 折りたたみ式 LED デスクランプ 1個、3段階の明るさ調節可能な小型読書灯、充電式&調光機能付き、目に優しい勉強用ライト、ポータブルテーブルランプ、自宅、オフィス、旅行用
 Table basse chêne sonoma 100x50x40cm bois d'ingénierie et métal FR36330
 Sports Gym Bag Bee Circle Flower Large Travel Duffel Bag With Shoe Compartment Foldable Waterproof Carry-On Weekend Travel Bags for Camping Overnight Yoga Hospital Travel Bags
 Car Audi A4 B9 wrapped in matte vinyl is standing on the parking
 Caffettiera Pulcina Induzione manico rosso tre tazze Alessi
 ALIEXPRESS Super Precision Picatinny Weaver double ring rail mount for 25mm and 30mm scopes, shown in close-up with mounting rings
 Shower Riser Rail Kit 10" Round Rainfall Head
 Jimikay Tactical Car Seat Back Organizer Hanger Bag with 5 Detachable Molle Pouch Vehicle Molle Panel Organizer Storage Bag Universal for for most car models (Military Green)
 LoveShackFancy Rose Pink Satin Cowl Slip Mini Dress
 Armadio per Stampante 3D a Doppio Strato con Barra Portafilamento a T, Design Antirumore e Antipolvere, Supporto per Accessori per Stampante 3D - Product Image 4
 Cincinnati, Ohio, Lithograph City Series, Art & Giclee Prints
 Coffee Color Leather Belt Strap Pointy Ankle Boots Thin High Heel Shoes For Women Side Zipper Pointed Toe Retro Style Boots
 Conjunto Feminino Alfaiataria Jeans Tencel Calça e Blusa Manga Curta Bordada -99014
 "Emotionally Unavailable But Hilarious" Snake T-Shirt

**Task item:** All that is wanted is the stretch of lines above from the one containing "Shower Riser Rail" through the one containing "Coffee Color Leather", duplicated exactly.

**Task output:**
 Shower Riser Rail Kit 10" Round Rainfall Head
 Jimikay Tactical Car Seat Back Organizer Hanger Bag with 5 Detachable Molle Pouch Vehicle Molle Panel Organizer Storage Bag Universal for for most car models (Military Green)
 LoveShackFancy Rose Pink Satin Cowl Slip Mini Dress
 Armadio per Stampante 3D a Doppio Strato con Barra Portafilamento a T, Design Antirumore e Antipolvere, Supporto per Accessori per Stampante 3D - Product Image 4
 Cincinnati, Ohio, Lithograph City Series, Art & Giclee Prints
 Coffee Color Leather Belt Strap Pointy Ankle Boots Thin High Heel Shoes For Women Side Zipper Pointed Toe Retro Style Boots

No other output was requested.